■ RECORDS FOR PROCESSING
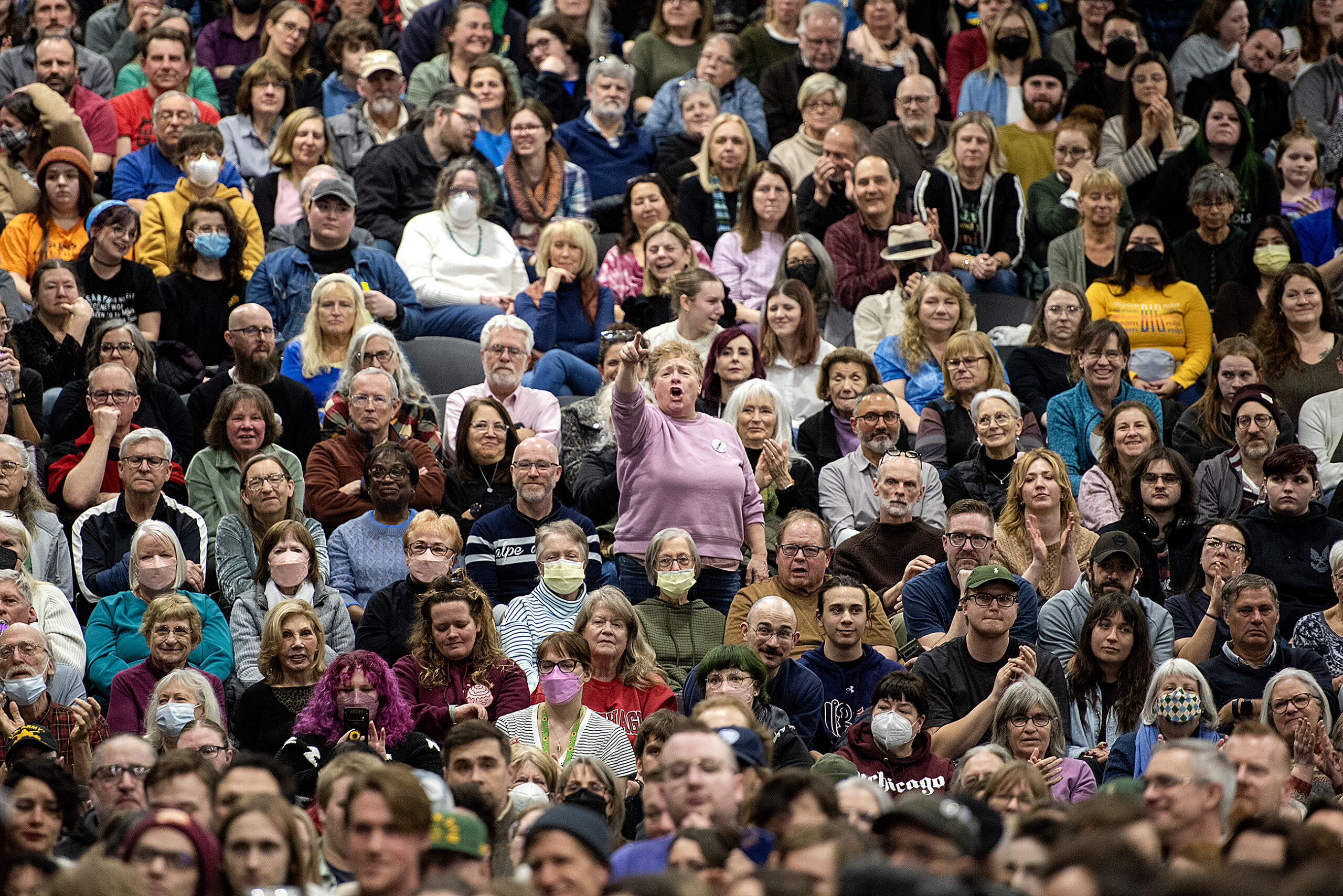 A large, diverse crowd sits closely packed in an indoor venue. Some individuals wear face masks. People are attentively looking ahead, with varied expressions and postures.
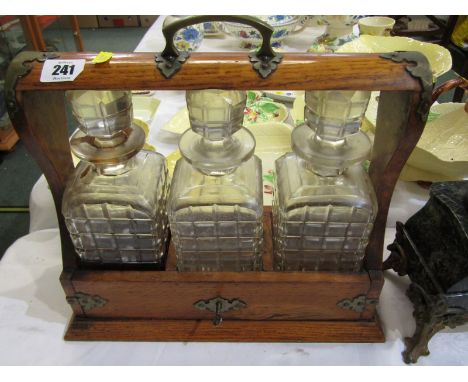 EDWARDIAN TANTALUS, triple decanter tantalus with plated mounts and key, 13" width 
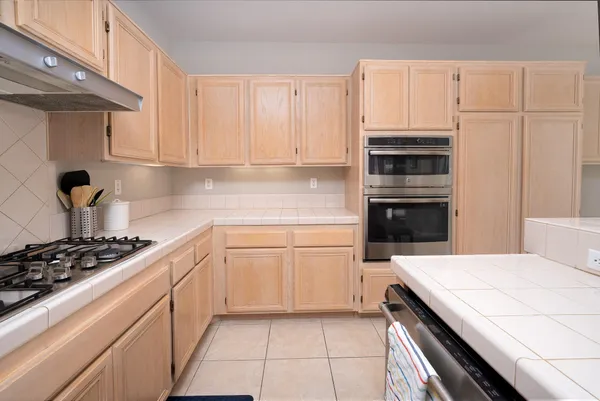 a kitchen with granite countertop a stove sink and cabinets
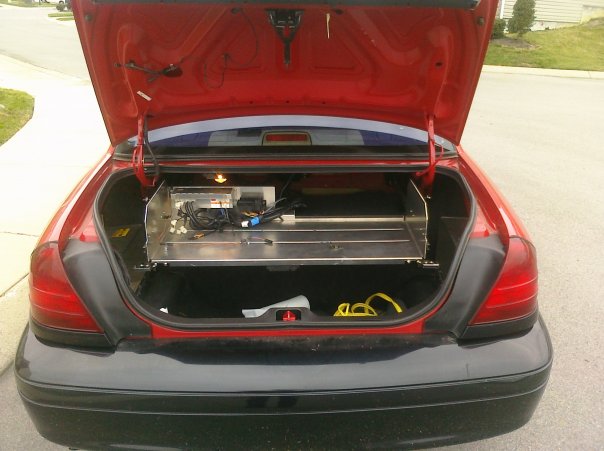 Rear of red car with trunk open, metal shelf with electronics inside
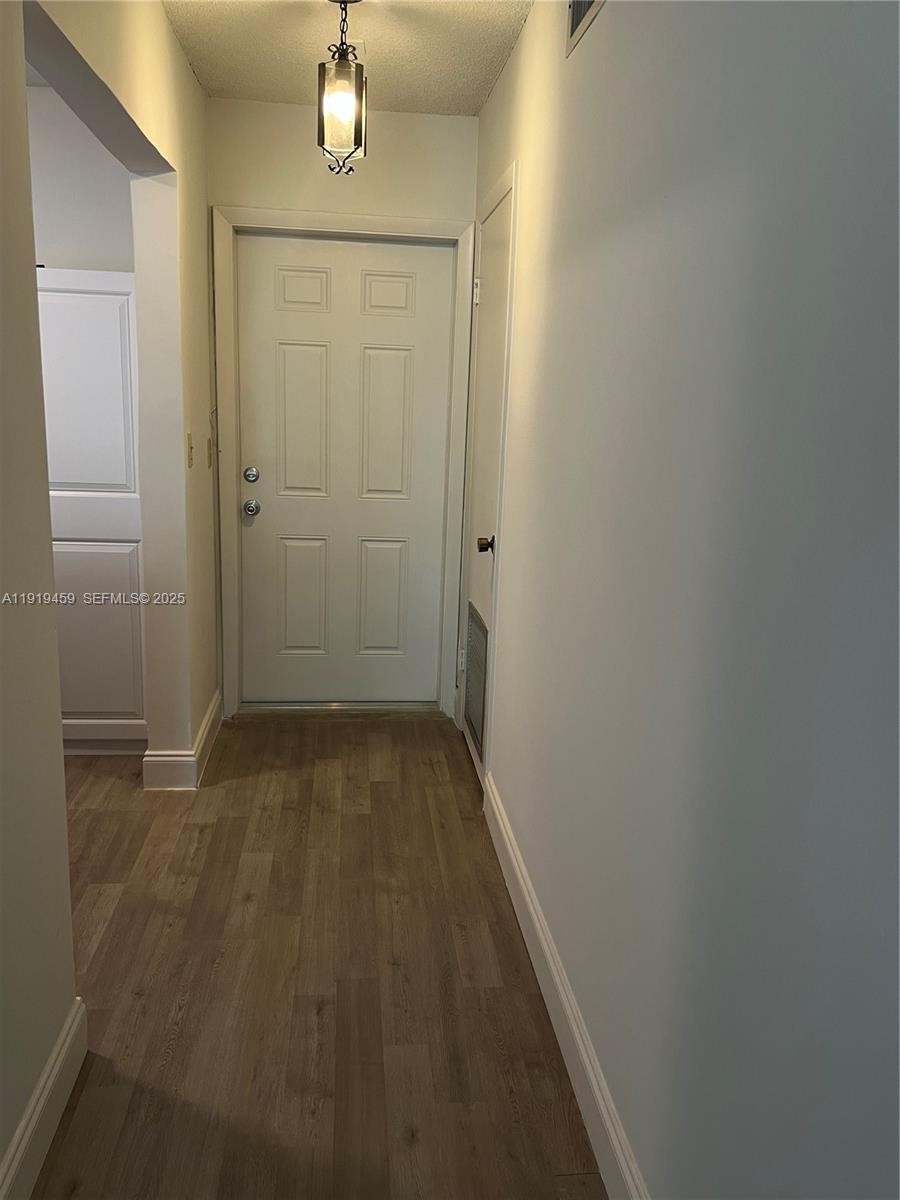 301 Cambridge Road, Unit 211 Hollywood, FL 33024 - Photo 18 of 33 a view of a hallway with wooden floor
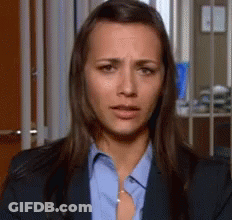 A Woman Wearing A Blue Shirt And A Suit Is Making A Sad Face . GIF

■ WHAT IS BEING ASKED
Images aside, return each entry above precisely as it stands.

■ SOLUTION BELOW
 A large, diverse crowd sits closely packed in an indoor venue. Some individuals wear face masks. People are attentively looking ahead, with varied expressions and postures.
 EDWARDIAN TANTALUS, triple decanter tantalus with plated mounts and key, 13" width 
 a kitchen with granite countertop a stove sink and cabinets
 Rear of red car with trunk open, metal shelf with electronics inside
 301 Cambridge Road, Unit 211 Hollywood, FL 33024 - Photo 18 of 33 a view of a hallway with wooden floor
 A Woman Wearing A Blue Shirt And A Suit Is Making A Sad Face . GIF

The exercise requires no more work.